Increasing the diversity within a company’s supplier and professional services network seems like a quick and easy way to boost diversity numbers, share the corporate spend wealth, leverage the power of vibrant new perspectives, and join forces with other companies with similar ideas about inclusion and social impact. And, it’s popular! According to a 2021 survey of 100 large global companies from The Hackett Group, they expect diversity supply spend to increase by 50% by 2025. “While supplier diversity has been a hot topic since mid-2020, our volume of inquiries on the topic exploded by 500% last year,” reported Gartner earlier this month.

But, says former GolinHarris Chief Creative and Community Officer Caroline Dettman, it’s “easy to say, harder to do.”
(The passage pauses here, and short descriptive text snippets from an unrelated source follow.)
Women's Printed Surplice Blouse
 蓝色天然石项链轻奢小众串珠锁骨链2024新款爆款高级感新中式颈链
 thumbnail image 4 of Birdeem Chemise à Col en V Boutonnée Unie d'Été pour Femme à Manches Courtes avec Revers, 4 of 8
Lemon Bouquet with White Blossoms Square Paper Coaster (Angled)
Dettman, along with former Golin global marketing executive director Erin Gallagher, and former Pepsico Chief Global D&I officer, Pamela Culpepper, is the co-founder of Have Her Back, a still newish consultancy that helps big companies chart a path to equitable inclusion. 

But it turns out, they were facing one of their own. 

The big looming contract known as Master Service Agreement or MSA, is a foundational document typically used by professional services firms—like marketing, consulting, and financial services companies—to work effectively with clients over a long term. It sets some basic terms of engagement and eliminates the need to negotiate over individual phases of a project, multiple projects or a larger scope of work.

But they are also used by very large companies to engage with suppliers of all kinds. And that’s where bias and big legalese can cause unintended problems.  

“The MSA is meant to obviously mitigate risk when companies are bringing in other companies to work for them. But the reality is that they’ve been designed for larger companies,” says Gallagher. So, for approved and vetted smaller firms that would fit a diverse supplier profile, this can mean leviathan-sized hurdles buried in the fine print: things like outsized insurance and cybersecurity requirements, or onerous payment terms. “We were facing it, other businesses we knew were dealing with it, and we wanted to understand the scope of the problem,” Gallagher explains.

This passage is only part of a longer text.